The pelvic examination put to the test

 

MEDICAL MATTERS:Benefits of an invasive procedure queried

‘ROUTINE GYNAECOLOGICAL examinations are bad medicine.” This must sound like music to the ears of women of all ages, who, by and large, dread the invasive aspects of having a cervical smear carried out or of having to endure an internal examination by a doctor.

Well it was the subject of a blog earlier this year by British Medical Journal columnistDes Spence. A London GP, he asks: “Why do we continue with these invasive, unscientific, unpleasant and illogical examinations?” He says he is unable to find definitive information on the value of pelvic examination from evidence-based websites, and so his opinions are backed up by a more generalised search.

There are a number of different elements to pelvic examination, not all of which are carried out on every occasion. First there is the “bimanual” examination, in which the doctor places one hand on the lower tummy and places digits from the other in the woman’s vagina. It’s the best way to check for any growths in the pelvis; in particular an enlargement of an ovary may be palpable. Next is the insertion of a speculum, which helps visualise the neck of the womb (cervix) and is commonly used when taking a cervical smear. As well as smears doctors sometimes take swabs from high up in the vagina if a discharge is present or there is some other indication of local infection.

Spence is not impressed by the evidence he found for bimanual examination. He notes that in gynaecology patients under general anaesthesia, one in three masses was missed, suggesting that if the results were extrapolated into a conscious population there is a high risk of false positive and false negative outcomes. As for the use of a speculum, he says “this examination clearly has a role when examining the cervix or removing a retained tampon”. But he found little evidence for their use when taking a swab. In his opinion, a low vaginal swab is a logical alternative and does not require the use of a speculum.
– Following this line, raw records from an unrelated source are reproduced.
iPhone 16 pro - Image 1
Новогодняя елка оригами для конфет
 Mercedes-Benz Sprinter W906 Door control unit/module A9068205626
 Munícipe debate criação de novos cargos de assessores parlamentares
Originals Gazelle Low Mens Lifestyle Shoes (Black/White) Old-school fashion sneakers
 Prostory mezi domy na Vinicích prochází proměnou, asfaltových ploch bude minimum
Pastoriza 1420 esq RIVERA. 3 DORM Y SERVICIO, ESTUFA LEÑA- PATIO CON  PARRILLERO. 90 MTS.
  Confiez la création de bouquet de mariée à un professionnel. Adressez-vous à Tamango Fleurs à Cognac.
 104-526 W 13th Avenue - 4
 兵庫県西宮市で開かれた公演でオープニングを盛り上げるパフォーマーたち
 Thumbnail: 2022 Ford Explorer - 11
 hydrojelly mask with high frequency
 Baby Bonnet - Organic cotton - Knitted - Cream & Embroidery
Australian GPs Rebecca Stewart and Jill Thistlethwaite published a paper in 2006, titled Routine pelvic examination in asymptomatic women – Exploring the evidence. Here are their recommendations:

* There is no evidence to support the necessity for pelvic examination of asymptomatic women taking hormone therapy or attending for a sexual health check.

* Pelvic examinations may be performed at the time of routine Pap (cervical smear) tests to aid in technical issues with the smear itself, but are not recommended for screening purposes.

* Pelvic examination at a woman’s request must be preceded by thorough gynaecological, medical and family history and after obtaining informed consent from the patient.

* The use of routine pelvic examination as screening for ovarian malignancy . . . cannot be justified due to the low prevalence of the disease and low sensitivity and specificity of the examination.

Writing in January 2011, researchers from the department of obstetrics and gynaecology, Columbia University Medical Center in New York found “the pelvic examination in asymptomatic women is not needed to screen for sexually transmitted infections, is not needed to initiate hormonal contraception, and is not beneficial for early detection of ovarian cancer”.

They also say “women’s avoidance of the healthcare system because of dislike of the pelvic examination directly interferes with public health goals of screening for Chlamydia to reduce infertility, reducing unintended pregnancy, and increasing appropriate cervical cancer screening coverage”.

Meanwhile, Thistlethwaite and Stewart say they found that explanations given to women about “normal” examinations were not fully understood and that many did not know what the pelvic examination was for.

So the next time your doctor suggests a gynae exam, ask them what they hope to diagnose and if there is another, less invasive way to settle the issue. While the evidence may not be there to label pelvic exams as “bad medicine”, it’s always good to ask “Why?”